TASK STATEMENT:
The answer must be an exact copy of the lines from the one containing "NEUTRIK NJ3FC6-BAG CONNETTORE" through the final line of the material, both included, and nothing else.

RECORDS FOR THIS TASK:
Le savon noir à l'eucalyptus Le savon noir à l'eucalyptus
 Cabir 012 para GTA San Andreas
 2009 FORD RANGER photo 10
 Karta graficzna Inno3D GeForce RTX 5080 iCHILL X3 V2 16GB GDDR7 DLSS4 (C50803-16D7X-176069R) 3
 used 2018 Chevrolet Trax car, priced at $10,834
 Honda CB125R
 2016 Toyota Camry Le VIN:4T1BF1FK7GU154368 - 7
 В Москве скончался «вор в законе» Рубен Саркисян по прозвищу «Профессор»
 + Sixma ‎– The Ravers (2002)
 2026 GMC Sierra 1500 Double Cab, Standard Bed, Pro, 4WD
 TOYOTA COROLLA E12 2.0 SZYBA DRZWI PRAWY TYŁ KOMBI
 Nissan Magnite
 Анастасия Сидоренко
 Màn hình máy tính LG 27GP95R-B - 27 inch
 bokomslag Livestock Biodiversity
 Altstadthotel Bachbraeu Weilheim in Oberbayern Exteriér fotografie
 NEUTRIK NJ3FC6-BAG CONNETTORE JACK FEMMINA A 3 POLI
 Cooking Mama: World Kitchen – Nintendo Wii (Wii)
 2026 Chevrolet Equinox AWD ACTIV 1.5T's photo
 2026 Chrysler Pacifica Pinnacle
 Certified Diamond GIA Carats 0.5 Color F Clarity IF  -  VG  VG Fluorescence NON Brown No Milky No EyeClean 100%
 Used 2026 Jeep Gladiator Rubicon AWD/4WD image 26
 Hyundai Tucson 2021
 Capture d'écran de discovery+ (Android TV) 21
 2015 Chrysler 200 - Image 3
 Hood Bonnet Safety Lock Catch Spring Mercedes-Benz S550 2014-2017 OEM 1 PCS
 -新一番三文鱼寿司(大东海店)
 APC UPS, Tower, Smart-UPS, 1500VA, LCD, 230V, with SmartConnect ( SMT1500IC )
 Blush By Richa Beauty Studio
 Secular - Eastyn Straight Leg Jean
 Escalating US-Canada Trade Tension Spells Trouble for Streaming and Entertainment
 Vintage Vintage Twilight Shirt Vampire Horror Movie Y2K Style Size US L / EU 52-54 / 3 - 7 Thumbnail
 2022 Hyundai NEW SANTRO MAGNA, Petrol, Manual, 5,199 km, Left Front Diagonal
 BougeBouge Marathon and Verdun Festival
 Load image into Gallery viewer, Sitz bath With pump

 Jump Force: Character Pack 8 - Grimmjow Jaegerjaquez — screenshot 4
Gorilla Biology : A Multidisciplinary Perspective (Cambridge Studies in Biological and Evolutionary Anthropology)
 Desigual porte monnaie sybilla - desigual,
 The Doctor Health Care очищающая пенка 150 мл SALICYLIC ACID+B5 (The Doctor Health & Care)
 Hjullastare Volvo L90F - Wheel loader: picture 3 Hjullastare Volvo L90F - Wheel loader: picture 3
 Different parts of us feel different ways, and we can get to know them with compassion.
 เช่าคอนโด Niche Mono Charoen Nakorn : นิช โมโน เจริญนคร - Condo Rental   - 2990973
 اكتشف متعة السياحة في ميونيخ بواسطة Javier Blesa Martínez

EXERCISE RESULT:
 NEUTRIK NJ3FC6-BAG CONNETTORE JACK FEMMINA A 3 POLI
 Cooking Mama: World Kitchen – Nintendo Wii (Wii)
 2026 Chevrolet Equinox AWD ACTIV 1.5T's photo
 2026 Chrysler Pacifica Pinnacle
 Certified Diamond GIA Carats 0.5 Color F Clarity IF  -  VG  VG Fluorescence NON Brown No Milky No EyeClean 100%
 Used 2026 Jeep Gladiator Rubicon AWD/4WD image 26
 Hyundai Tucson 2021
 Capture d'écran de discovery+ (Android TV) 21
 2015 Chrysler 200 - Image 3
 Hood Bonnet Safety Lock Catch Spring Mercedes-Benz S550 2014-2017 OEM 1 PCS
 -新一番三文鱼寿司(大东海店)
 APC UPS, Tower, Smart-UPS, 1500VA, LCD, 230V, with SmartConnect ( SMT1500IC )
 Blush By Richa Beauty Studio
 Secular - Eastyn Straight Leg Jean
 Escalating US-Canada Trade Tension Spells Trouble for Streaming and Entertainment
 Vintage Vintage Twilight Shirt Vampire Horror Movie Y2K Style Size US L / EU 52-54 / 3 - 7 Thumbnail
 2022 Hyundai NEW SANTRO MAGNA, Petrol, Manual, 5,199 km, Left Front Diagonal
 BougeBouge Marathon and Verdun Festival
 Load image into Gallery viewer, Sitz bath With pump

 Jump Force: Character Pack 8 - Grimmjow Jaegerjaquez — screenshot 4
Gorilla Biology : A Multidisciplinary Perspective (Cambridge Studies in Biological and Evolutionary Anthropology)
 Desigual porte monnaie sybilla - desigual,
 The Doctor Health Care очищающая пенка 150 мл SALICYLIC ACID+B5 (The Doctor Health & Care)
 Hjullastare Volvo L90F - Wheel loader: picture 3 Hjullastare Volvo L90F - Wheel loader: picture 3
 Different parts of us feel different ways, and we can get to know them with compassion.
 เช่าคอนโด Niche Mono Charoen Nakorn : นิช โมโน เจริญนคร - Condo Rental   - 2990973
 اكتشف متعة السياحة في ميونيخ بواسطة Javier Blesa Martínez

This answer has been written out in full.